### MATERIAL SHOWN
------------------------------------

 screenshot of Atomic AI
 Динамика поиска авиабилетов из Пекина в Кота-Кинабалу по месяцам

------------------------------------

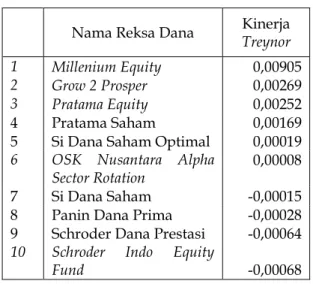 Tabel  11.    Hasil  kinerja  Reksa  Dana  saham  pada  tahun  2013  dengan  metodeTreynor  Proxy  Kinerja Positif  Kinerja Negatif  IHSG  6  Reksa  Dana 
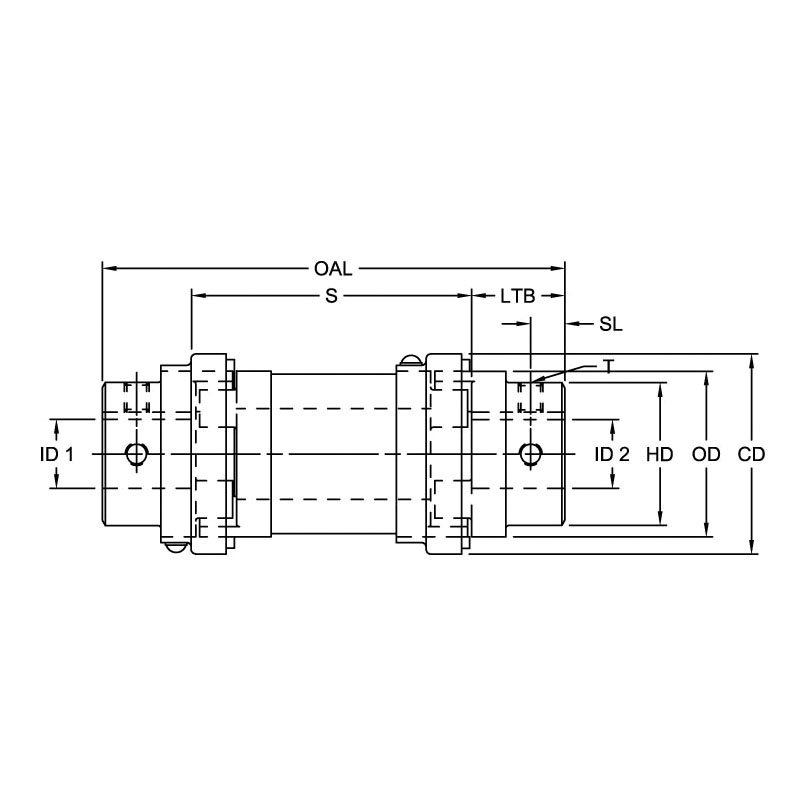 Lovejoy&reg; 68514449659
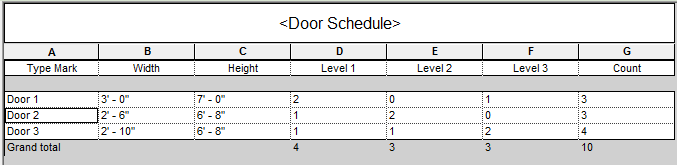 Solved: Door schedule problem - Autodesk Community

------------------------------------

### EXERCISE PROMPT
Every line above from the line with "screenshot of Atomic AI" to the line with "Динамика поиска авиабилетов", inclusive, must be returned exactly; no other line belongs in the reply.

### TASK RESULT
 screenshot of Atomic AI
 Динамика поиска авиабилетов из Пекина в Кота-Кинабалу по месяцам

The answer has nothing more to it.